START Dataset records

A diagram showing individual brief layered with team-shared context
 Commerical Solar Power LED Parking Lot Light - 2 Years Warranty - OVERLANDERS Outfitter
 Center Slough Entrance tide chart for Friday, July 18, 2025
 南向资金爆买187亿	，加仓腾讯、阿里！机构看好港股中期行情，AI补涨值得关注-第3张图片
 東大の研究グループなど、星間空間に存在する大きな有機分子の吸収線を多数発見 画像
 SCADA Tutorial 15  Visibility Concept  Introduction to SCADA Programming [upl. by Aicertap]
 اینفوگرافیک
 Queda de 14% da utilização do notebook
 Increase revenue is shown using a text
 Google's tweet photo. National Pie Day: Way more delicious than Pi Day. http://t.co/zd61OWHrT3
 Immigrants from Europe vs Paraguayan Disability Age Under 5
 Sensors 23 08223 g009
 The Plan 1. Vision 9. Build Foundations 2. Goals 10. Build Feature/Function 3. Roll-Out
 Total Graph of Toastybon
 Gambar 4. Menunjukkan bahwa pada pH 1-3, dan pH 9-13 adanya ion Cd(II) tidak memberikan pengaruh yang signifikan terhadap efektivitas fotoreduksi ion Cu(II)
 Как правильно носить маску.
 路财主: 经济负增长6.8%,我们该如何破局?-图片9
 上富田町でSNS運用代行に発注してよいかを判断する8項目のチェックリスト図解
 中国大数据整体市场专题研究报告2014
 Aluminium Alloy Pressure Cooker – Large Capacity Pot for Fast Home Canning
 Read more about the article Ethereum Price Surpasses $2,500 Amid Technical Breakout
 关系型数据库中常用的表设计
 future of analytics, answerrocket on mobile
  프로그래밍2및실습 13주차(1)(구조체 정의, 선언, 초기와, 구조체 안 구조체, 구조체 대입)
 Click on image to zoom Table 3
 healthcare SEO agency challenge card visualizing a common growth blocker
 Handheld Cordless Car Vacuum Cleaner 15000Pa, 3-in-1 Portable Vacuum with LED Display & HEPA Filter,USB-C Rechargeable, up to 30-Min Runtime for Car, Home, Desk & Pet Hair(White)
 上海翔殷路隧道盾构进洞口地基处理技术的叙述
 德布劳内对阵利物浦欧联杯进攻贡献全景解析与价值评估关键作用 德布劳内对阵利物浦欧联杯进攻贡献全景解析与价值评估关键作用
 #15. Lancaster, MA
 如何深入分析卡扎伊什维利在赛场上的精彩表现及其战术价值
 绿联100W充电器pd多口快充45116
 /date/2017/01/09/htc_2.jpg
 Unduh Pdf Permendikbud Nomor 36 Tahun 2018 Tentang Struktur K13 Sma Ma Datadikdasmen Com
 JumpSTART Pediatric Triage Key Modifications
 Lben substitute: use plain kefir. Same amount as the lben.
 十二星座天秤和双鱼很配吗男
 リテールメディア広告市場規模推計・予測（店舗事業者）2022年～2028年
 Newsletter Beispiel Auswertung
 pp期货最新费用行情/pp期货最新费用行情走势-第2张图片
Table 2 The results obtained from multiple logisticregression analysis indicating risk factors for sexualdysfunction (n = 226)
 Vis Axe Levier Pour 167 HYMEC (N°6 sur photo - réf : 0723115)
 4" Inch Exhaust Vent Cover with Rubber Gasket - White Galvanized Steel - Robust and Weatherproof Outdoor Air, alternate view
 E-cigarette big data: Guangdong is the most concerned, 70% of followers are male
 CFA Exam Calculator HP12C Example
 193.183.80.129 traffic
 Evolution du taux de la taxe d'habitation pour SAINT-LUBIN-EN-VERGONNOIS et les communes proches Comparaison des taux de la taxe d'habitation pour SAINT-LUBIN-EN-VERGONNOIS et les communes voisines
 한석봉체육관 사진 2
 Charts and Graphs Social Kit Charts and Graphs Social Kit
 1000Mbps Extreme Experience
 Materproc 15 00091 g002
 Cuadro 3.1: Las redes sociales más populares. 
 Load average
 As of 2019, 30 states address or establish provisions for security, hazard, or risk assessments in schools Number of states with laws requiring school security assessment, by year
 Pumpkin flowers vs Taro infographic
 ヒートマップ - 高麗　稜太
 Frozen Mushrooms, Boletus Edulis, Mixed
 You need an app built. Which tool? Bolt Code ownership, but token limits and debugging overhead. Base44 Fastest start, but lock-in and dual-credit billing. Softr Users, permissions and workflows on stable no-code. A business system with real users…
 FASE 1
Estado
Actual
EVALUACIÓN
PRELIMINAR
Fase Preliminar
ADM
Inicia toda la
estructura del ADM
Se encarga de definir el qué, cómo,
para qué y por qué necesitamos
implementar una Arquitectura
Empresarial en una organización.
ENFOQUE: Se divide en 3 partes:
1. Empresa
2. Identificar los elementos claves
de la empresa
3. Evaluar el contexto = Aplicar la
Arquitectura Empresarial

END Dataset records

## [Exercise directions]
The first line of the records and every line down to the line with "Как правильно носить маску." must be quoted exactly; leave out all else.

## [Solution for this problem]
A diagram showing individual brief layered with team-shared context
 Commerical Solar Power LED Parking Lot Light - 2 Years Warranty - OVERLANDERS Outfitter
 Center Slough Entrance tide chart for Friday, July 18, 2025
 南向资金爆买187亿	，加仓腾讯、阿里！机构看好港股中期行情，AI补涨值得关注-第3张图片
 東大の研究グループなど、星間空間に存在する大きな有機分子の吸収線を多数発見 画像
 SCADA Tutorial 15  Visibility Concept  Introduction to SCADA Programming [upl. by Aicertap]
 اینفوگرافیک
 Queda de 14% da utilização do notebook
 Increase revenue is shown using a text
 Google's tweet photo. National Pie Day: Way more delicious than Pi Day. http://t.co/zd61OWHrT3
 Immigrants from Europe vs Paraguayan Disability Age Under 5
 Sensors 23 08223 g009
 The Plan 1. Vision 9. Build Foundations 2. Goals 10. Build Feature/Function 3. Roll-Out
 Total Graph of Toastybon
 Gambar 4. Menunjukkan bahwa pada pH 1-3, dan pH 9-13 adanya ion Cd(II) tidak memberikan pengaruh yang signifikan terhadap efektivitas fotoreduksi ion Cu(II)
 Как правильно носить маску.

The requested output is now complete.